Whole document tree

Whole document tree

GNU macro processor - Introduction and preliminaries Go to the first, previous, next, last section, table of contents.

Copyright (C) 1989, 90, 91, 92, 93, 94 Free Software Foundation, Inc.

Permission is granted to make and distribute verbatim copies of this manual provided the copyright notice and this permission notice are preserved on all copies.

Permission is granted to copy and distribute modified versions of this manual under the conditions for verbatim copying, provided that the entire resulting derived work is distributed under the terms of a permission notice identical to this one.

Permission is granted to copy and distribute translations of this manual into another language, under the above conditions for modified versions, except that this permission notice may be stated in a translation approved by the Foundation.

Introduction and preliminaries

This first chapter explains what is GNU m4, where m4 comes from, how to read and use this documentation, how to call the m4 program and how to report bugs about it.

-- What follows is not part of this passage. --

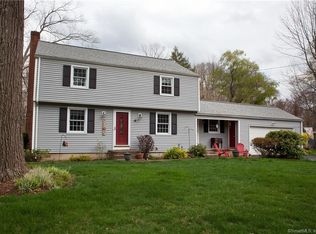 18 Alder Rd, Simsbury, CT 06070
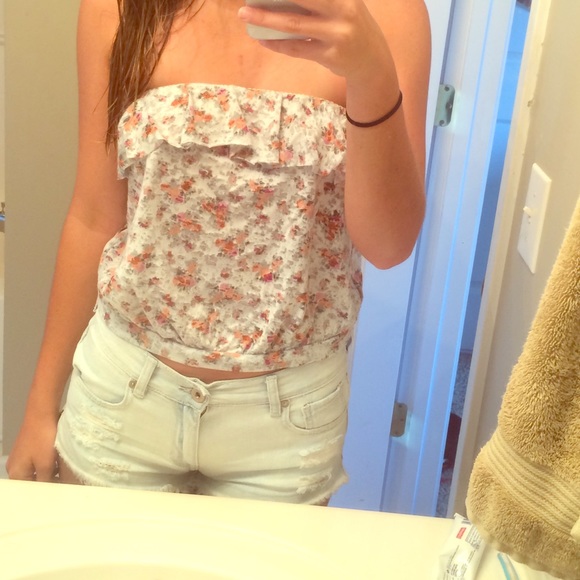 Strapless crop top floral print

It concludes by giving tips for reading the remainder of the manual.

The following chapters then detail all the features of the m4 language.

Introduction to m4

m4 is a macro processor, in the sense that it copies its input to the output, expanding macros as it goes. Macros are either builtin or user-defined, and can take any number of arguments. Besides just doing macro expansion, m4 has builtin functions for including named files, running UNIX commands, doing integer arithmetic, manipulating text in various ways, recursion, etc... m4 can be used either as a front-end to a compiler, or as a macro processor in its own right.

The m4 macro processor is widely available on all UNIXes. Usually, only a small percentage of users are aware of its existence. However, those who do often become commited users. The growing popularity of GNU Autoconf, which prerequires GNU m4 for generating the `configure' scripts, is an incentive for many to install it, while these people will not themselves program in m4. GNU m4 is mostly compatible with the System V, Release 3 version, except for some minor differences. See section Compatibility with other versions of m4 for more details.

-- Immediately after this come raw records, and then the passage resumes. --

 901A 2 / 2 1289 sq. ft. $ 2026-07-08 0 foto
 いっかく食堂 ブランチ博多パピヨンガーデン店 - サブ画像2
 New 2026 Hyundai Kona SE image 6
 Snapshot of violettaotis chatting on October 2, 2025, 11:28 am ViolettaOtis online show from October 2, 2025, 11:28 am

Some people found m4 to be fairly addictive. They first use m4 for simple problems, then take bigger and bigger challenges, learning how to write complex m4 sets of macros along the way. Once really addicted, users pursue writing of sophisticated m4 applications even to solve simple problems, devoting more time debugging their m4 scripts than doing real work. Beware that m4 may be dangerous for the health of compulsive programmers.

Historical references

The historical notes included here are fairly incomplete, and not authoritative at all. Please knowledgeable users help us to more properly write this section.

GPM has been an important ancestor of m4. See C. Stratchey: "A General Purpose Macro generator", Computer Journal 8,3 (1965), pp. 225 ff. GPM is also succintly described into David Gries classic "Compiler Construction for Digital Computers".

While GPM was pure, m4 was meant to deal more with the true intricacies of real life: macros could be recognized with being pre-announced, skipping whitespace or end-of-lines was made easier, more constructs were builtin instead of derived, etc.

Originally, m4 was the engine for Rational FORTRAN preprocessor, that is, the ratfor equivalent of cpp.

Invoking m4

The format of the m4 command is:

m4 [option...] [macro-definitions...] [input-file...]

All options begin with `-', or if long option names are used, with a `--'. A long option name need not be written completely, and unambigous prefix is sufficient. m4 understands the following options:

Print the version number of the program on standard output, then immediately exit m4 without reading any input-files.
Print an help summary on standard output, then immediately exit m4 without reading any input-files.
Suppress all the extensions made in this implementation, compared to the System V version. See section Compatibility with other versions of m4, for a list of these.
Stop execution and exit m4 once the first warning has been issued, considering all of them to be fatal.
Set the debug-level according to the flags flags. The debug-level controls the format and amount of information presented by the debugging functions. See section Controlling debugging output for more details on the format and meaning of flags.
Restrict the size of the output generated by macro tracing. See section Controlling debugging output for more details.
Redirect debug and trace output to the named file. Error messages are still printed on the standard error output. See section Saving debugging output for more details.
Make m4 search dir for included files that are not found in the current working directory. See section Searching for include files for more details.
Makes this invocation of m4 interactive. This means that all output will be unbuffered, and interrupts will be ignored.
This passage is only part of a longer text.